SCD 2013 – Workshop 3: Netzneutralität mit Severin Sperzel
Der dritte Workshop befasste sich mit den Funktionen und dem Nutzen der Netzneutralität. Severin Sperzel eröffnete den Workshop, indem er den Begriff Netzneutralität definierte. Laut Sperzel geht es hauptsächlich darum, dass bei effektiver Netzneutralität Daten in Form von Paketen neutral transportiert werden. Das primäre Ziel sei, die Daten so effizient und zeitnah wie möglich von A nach B (end-to-end) ohne Bevorzugung zu transportieren. Im Anschluss griff Sperzel den Nutzen auf. Netzneutralität sei ein Raum der Teilhabe und die Chance auf eine kommunikative Teilnahmegleichheit im Internet. Diesbezüglich griff Severin Sperzel die Rolle des Internet auf und stellte die Kernfrage, ob das Internet ein öffentliches Gut oder ein kommerzieller Dienst ist. Hierbei griff er auf ein Statement von Angela Merkel bezüglich Netzneutralität zurück. Sperzel kommentierte die Aussagen kritisch und verwies darauf, dass das Thema viel komplexer sei als von den meisten angenommen. Zusätzlich griff Sperzel auf die Beispiele VoIP und Spotify zurück, welche im regelmäßigen Clinch mit der Telekom und Vodafone liegen aufgrund der Nutzungsbestimmungen und der bestehenden nationalen Volumentarife.
Im weiteren Verlauf stellte Sperzel die Teilnehmer vor ein Gedankenexperiment.
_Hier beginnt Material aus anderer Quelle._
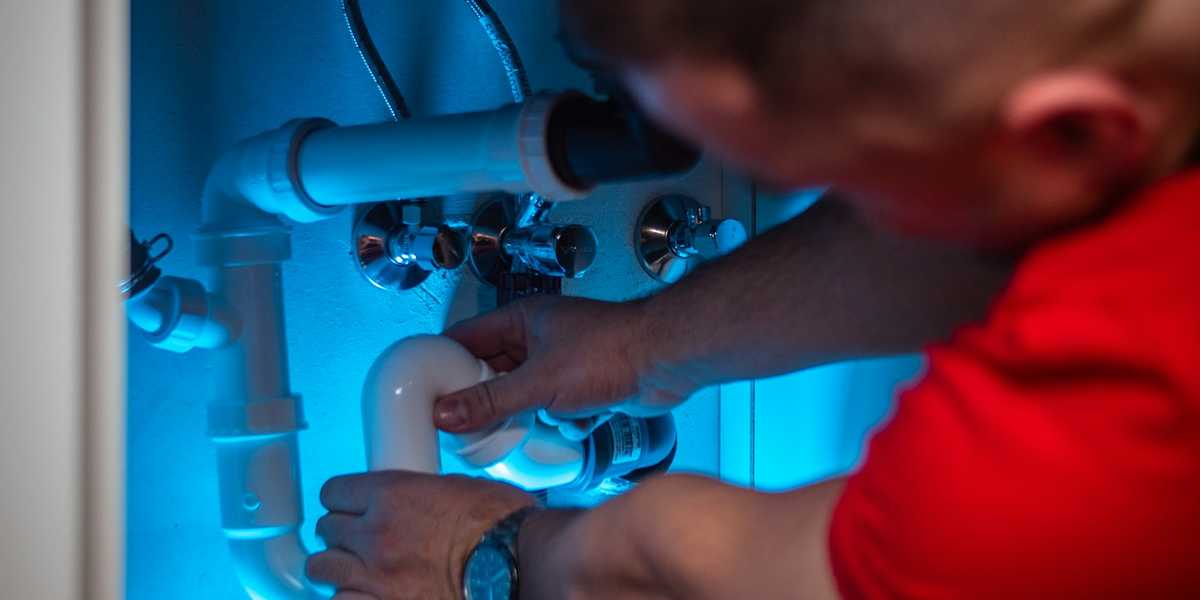 A plumber working on the drain pipes inside a sink cabinet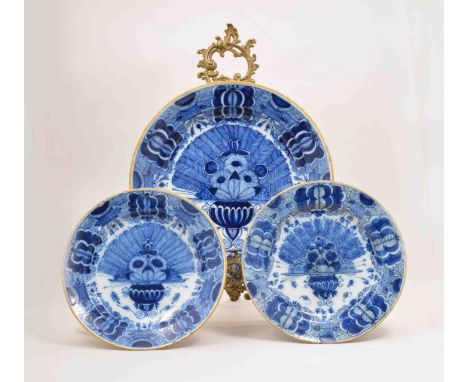 A Dutch Delft blue and white circular shallow dish, probably Three Bells Factory, first half of the 18th Century, peacock pat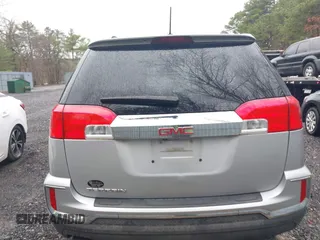 2016 GMC Terrain SLE with VIN 2GKALNEK9G6238700, listed as a IAAI auction lot 42013009 with 157,780 mi miles. Bid and sale history available at carsss.com. Image 16.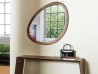 The Giolino mirror by Porada in a living area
Aufgrund der aktuellen Debatten griff er das Beispiel der Netz-Drosselung auf und argumentierte aus eigener Sicht. Seiner Meinung nach sei die bevorstehende Drosselung vielmehr ein Rückschritt aus dem Status quo als eine Veränderung, die wirklich gebraucht werde. Als Alternative präsentierte Severin Sperzel die „Integrated Management Services“, bei denen der Provider doppelt verdiene, sowohl durch gedrosselte als auch ungedrosselte Dienste. Durch die künstliche Verknappung könne somit ein völlig neues, für den Kunden gefährliches Geschäftsmodel entwickelt werden. Durch die Einführung der „Managed Services“ (Telekom) sei laut Sperzel vielmehr die Zwei-Klassen-Gesellschaft des Internets nur eine Frage der Zeit. Er präsentierte im Anschluss ein „sehr fragliches“ Promotionsvideo der Telekom, in dem die Managed Services dem Nutzer erklärt werden sollen. Der Saal reagierte mit Gelächter und quittierte das Video mit kritischen Kommentaren.
Aufgrund des Videos entwickelte sich eine dynamische Grundsatzdebatte um die Hauptressource des Internets und eine eventuelle Verknappung. Laut Sperzel sei jedoch viel mehr Luft nach oben, als es die meisten Unternehmen zugeben. Dies sei sehr zweifelhaft, jedoch auch einigermaßen verständlich, da es hierbei um die Erwirtschaftung von Umsatz und Profit am Ende des Tages ginge. Als Hauptkritikpunkt nannte Sperzel, dass der „Best-Effort“ des Internets durch diesen Ansatz total zerschlagen werde. Internetanbieter würden durch „Managed Services“ vielmehr zu Gatekeepern, die aktive Markteintrittshürden setzen könnten. Folglich würden die Teilhabe und Innovation an finanzielle Mittel gekoppelt und Surfpakete in den Mittelpunkt gerückt, anstatt das Internet weiterhin als Medium zu nutzen. In Folge dessen könne es zu einer komplett neuen Infrastruktur des Internets und der digitalen Medien kommen, bei der am Ende nur die bereits heutigen Wirtschaftsriesen überleben.
Gegen Ende des Workshops appellierte Sperzel an die Vernunft der Unternehmen, insbesondere an die Telekom. Eine Drosselung sei das genaue Gegenteil von Netzneutralität und könne die Menschen vor Probleme und die Infrastruktur des Internets auf den Kopf stellen. Daher seien Regulierungsbestrebungen seiner Meinung nach die einzig richtige Lösung. Eine Petition zur Netzneutralitätsverordnung sei unausweichlich und müsse sowohl vom Bundesrat und Bundestag beschlossen werden. Netzneutralität sei jedoch nicht nur ein Thema auf nationaler Ebene, sondern auch ein Thema der europäischen Union. Laut Sperzel sei dies ein essentiell wichtiger Punkt, welcher je nach Entscheidung auch das Handeln der Bundesregierung beeinflussen könne.
Zum Schluss fasste Severin Sperzel seine zuvor genannten Punkte tabellarisch zusammen und erneuerte seine Stellung bezüglich einer aktiven Netzneutralitätspolitik in Deutschland.